On the Republican side of the street, John Van Buren kicked off proceedings shortly after 7 p.m. with a speech for his candidate.

''After Pat left, I had a choice,'' said Van Buren a Department of Transportation worker, referring to Patrick J. Buchanan, who abandoned the GOP race to pursue the Reform Party nomination. Van Buren, whose wife, Judy, chaired the caucus, calls all the candidates by their first names.

''Either I could go to the Reform Party with him or stick to the Republicans, and I decided to stick with the Republicans. And I'm supporting Gary Bauer. Gary's a strong social conservative.''

But while the others conceded that Bauer seemed a decent man and that his uncompromising position against abortion was most appealing, they said they did not want to waste their votes; they wanted somebody who could win.

So, grudgingly, they moved toward Texas Governor George W. Bush. In Hartwick, and across the state, Bush was the story of the night.

''He's electable,'' said Robert Nowotny, 28. ''Probably none of us here like everything about him.'' He did not seem firm enough on abortion, they agreed. Some of them said he did not seem trustworthy.

''I think you have to go with the most electable person. And Bush is the most electable at this point,'' said Kim Sleeuwenhoek, 40, who has lived in Hartwick since 1968, but attended her first caucus last night so that her children could see how this Iowan brand of democracy works.

John Van Buren did allow that his candidate was probably not the most likely to succeed. He could live with it if the others wanted Bush or any of the others.

Except one.

'' I want to make a comment about another person on here,'' Van Buren said. ''John McCain. He snubbed Iowa in the straw poll. He came out here and said he would not support ethanol, and I would put ethanol as a platform issue. He was truthful in saying what he said, but that's such a big issue for me, and all the farmers here, I cannot support him.''

So strongly did these Republicans feel about ethanol that they voted to suggest that this year's GOP party platform affirm ''that the federal government mandate for all states to use ethanol as one form of fuel.''

Other suggestions for the platform included a requirement that the surplus be used to pay down the national debt and that the tax system be simplified.

In the end, these Republicans went with Bush.

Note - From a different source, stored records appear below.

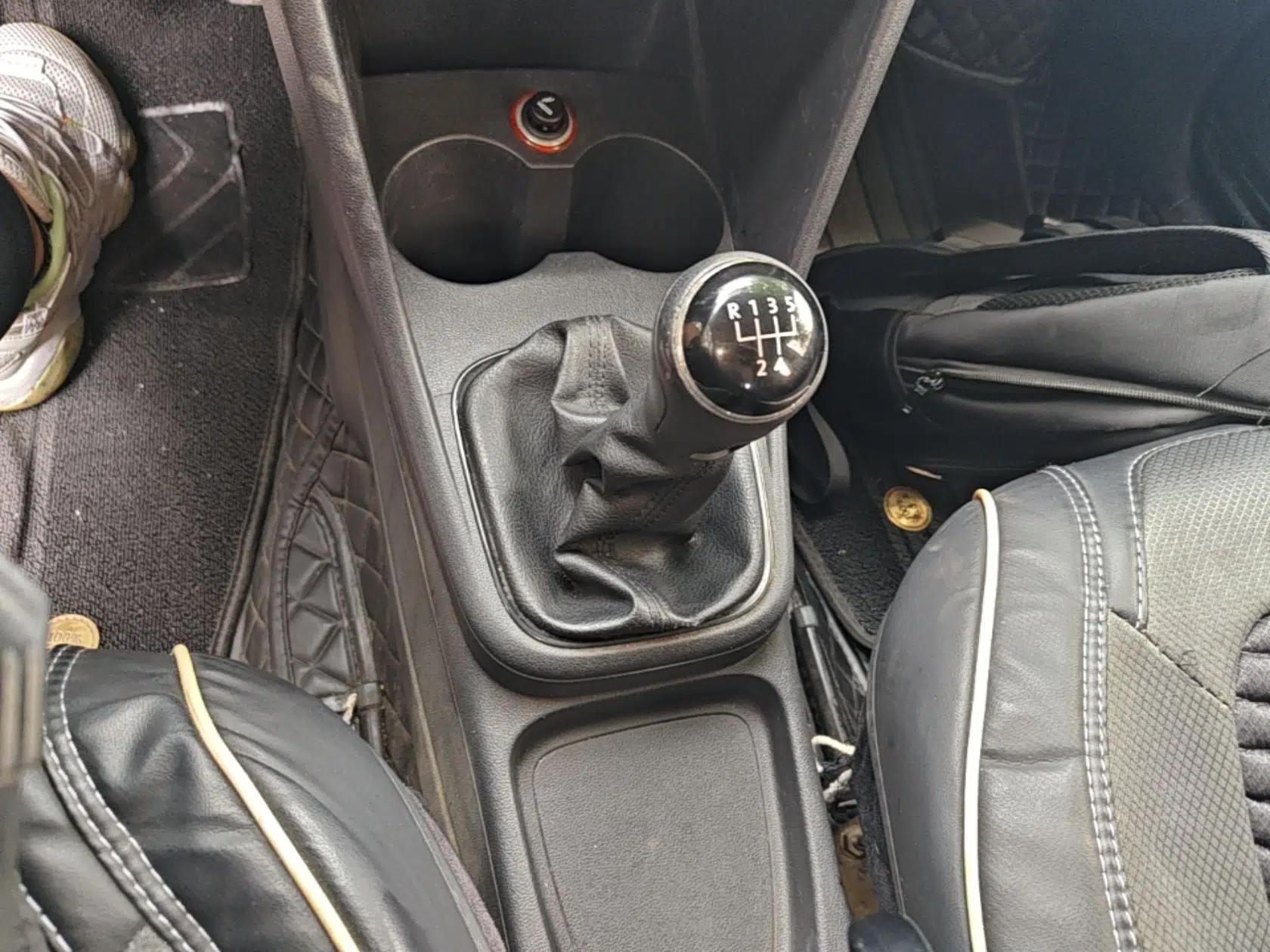 Volkswagen Polo 2014 1.4L Manual Fashion Edition — миниатюра 16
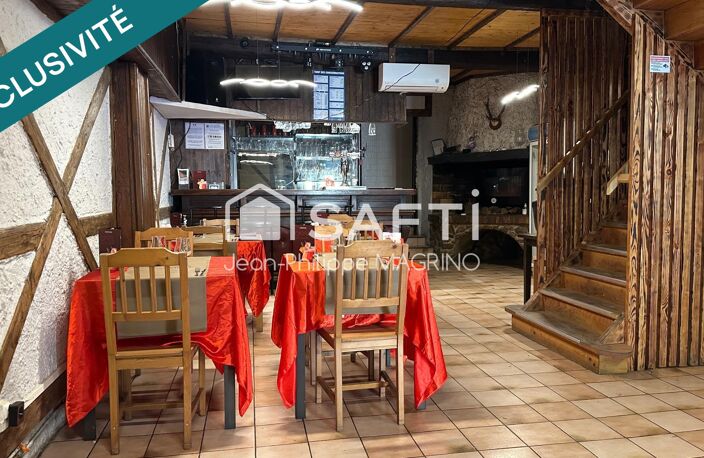 Immeuble à fort potentiel avec terrasse et stationnement. — photo 3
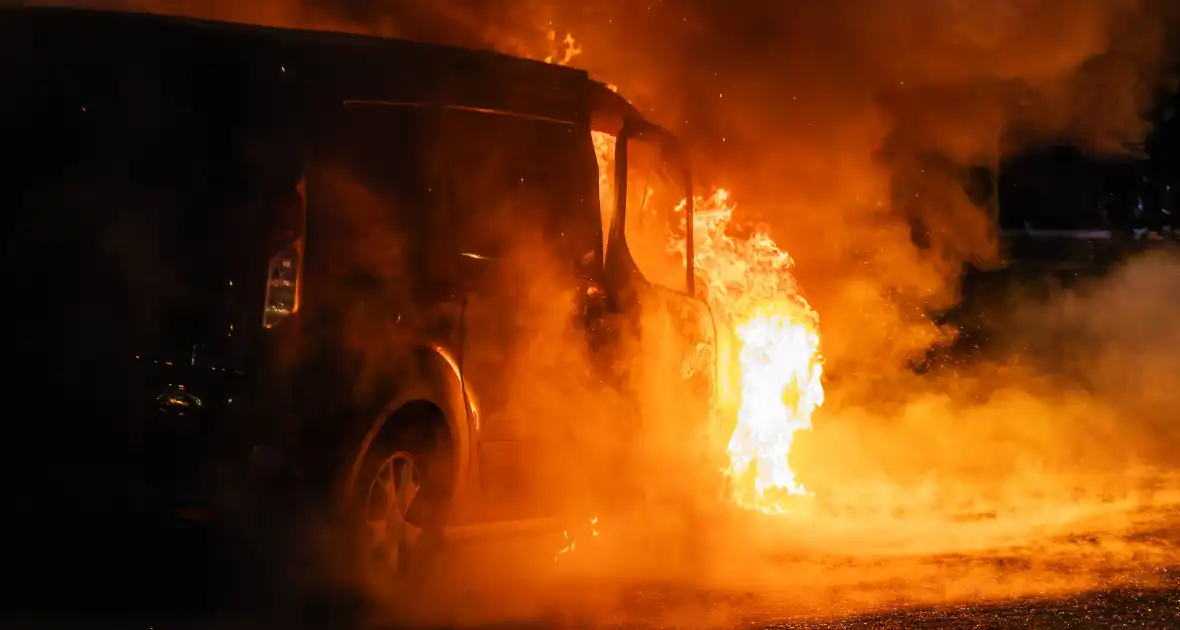 Brand in bestelbusje na harde klap - Foto 11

Bauer got two votes, and Steve Forbes, who had polled well in Iowa in recent weeks, received one.

Among the Democrats, where residents moved to each end of the room in support of Vice President Al Gore or former senator Bill Bradley, the vote was a swift affair. And close.

Eight people moved to the Gore side of the table. Seven headed in the other direction. Then both choirs preached to each other.

''In everything I've ever done, experience counts,'' Dr. Oliver Larkin said. ''Gore has experience. He doesn't have flash like Clinton has flash, but sometimes that's not a good thing.''

So, according to the byzantine rules of the Democratic caucus, Hartwick would send one Bradley delegate and two Gore delegates to the county convention March 25.

Now came the difficult part: choosing those delegates.

It was one thing to show up and spend an hour or so choosing candidates and party planks, but committing to attend the county convention? That's quite another thing.

''We need two of you to take it further,'' pleaded teacher Kathy Fredericks, 49, to the Gore following. Fredericks organized this caucus and spent hours making calls to bring last night's triumphant turnout. ''I know some of you are saying, `Gee, we got here, that was a giant step.' But we need you to take another step. We just need that involvement.''

And then she brought out the reinforcements.

''Think of Kennedy,'' she said. ''Ask not what your country can do for you. Ask what you can do for your country.''

''I don't like to go out at night alone,'' said Hila Greider, a member of the Bradley camp.

''We can't go Saturday,'' said Vernard Block, 73. ''We've got to go to Oskaloosa and get a ton of groceries. And we do that much volunteer work. ''

This was Block's first time at the caucus, though he's lived around the corner from the caucus site all his life. ''Pressure,'' he said, when asked why he showed.

In the end, he escaped delegate duty. Fredericks offered to go herself.